I understand that because the people who are being shot are not, I mean, there are people who are innocently shot, and I'm saying everybody's not guilty, but a lot of the shootings in a big city is gang-related back and forth.
I think Lori Lightfoot said that, or maybe that Karen James, or whoever was the DA, said, you know, this is just a shootout.
I'm not going to charge people.
But my point is: this is that people
might agree not to sell a semi-armatic rifle to somebody under 21 if the left would compromise and say, okay, we're going to make it a mandatory year in jail for anybody that is a convicted felon with a record that is in possession of a firearm.
How about that?
Yeah.
And they're not going to do that.
They're not going to do that because they would feel that people that are marginalized to use their vocabulary would be disproportionately arrested.
And their view of the world anything that's not proportionally represented except maybe the post office or the nba or something is racist and they don't want to arrest people who are doing the shooting yeah and uh i'm perfectly willing to you know create a deterrent atmosphere for young people so this shooter He goes out and he shoots people on the 4th of July, and then he kind of dresses up like a woman escape.

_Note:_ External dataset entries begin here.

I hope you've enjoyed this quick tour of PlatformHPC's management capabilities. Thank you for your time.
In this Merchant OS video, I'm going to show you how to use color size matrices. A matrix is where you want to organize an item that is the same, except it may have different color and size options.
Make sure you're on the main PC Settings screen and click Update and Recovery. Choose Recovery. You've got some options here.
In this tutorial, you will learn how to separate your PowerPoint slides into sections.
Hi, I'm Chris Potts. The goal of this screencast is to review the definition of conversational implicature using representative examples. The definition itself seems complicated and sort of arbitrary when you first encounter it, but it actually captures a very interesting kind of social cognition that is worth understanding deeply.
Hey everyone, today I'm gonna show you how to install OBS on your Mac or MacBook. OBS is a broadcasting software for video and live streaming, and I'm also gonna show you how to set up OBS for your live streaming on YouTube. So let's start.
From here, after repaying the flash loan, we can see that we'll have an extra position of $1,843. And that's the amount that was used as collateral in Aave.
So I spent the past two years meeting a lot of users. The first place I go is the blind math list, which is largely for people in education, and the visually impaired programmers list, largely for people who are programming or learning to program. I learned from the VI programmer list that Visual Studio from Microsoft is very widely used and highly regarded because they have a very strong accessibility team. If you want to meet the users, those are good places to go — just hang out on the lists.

And then we learn all this information that he gave his social media i think he even drew a mural you know yeah well the point was he was i i know he was using drugs or antipsychotic drugs or marijuana but whatever it was is there was also a component that he knew nothing would happen to him that he would be considered crazy if you had a i think if you had a capital felony and it said if you federal crime to shoot more than, I don't know what it would be, sort of like a policeman, and there was a deterrent that people either got a life sentence or capital punishment, you could deter a lot of this.
But I think a lot of these young people think, you know what, nothing's going to happen to me.
Yeah.
Nothing in extremists is going to happen to me.
But, and they think we're going to, I'm just going to be in a psych ward or I'm going to be considered, you know, I'll be in prison, but I'm going to be noticed.
I'm going to be mentioned.
I'm going to get attention.
And it would be better if they were shunned and put in solitary for the rest of their life after they kill some innocent child.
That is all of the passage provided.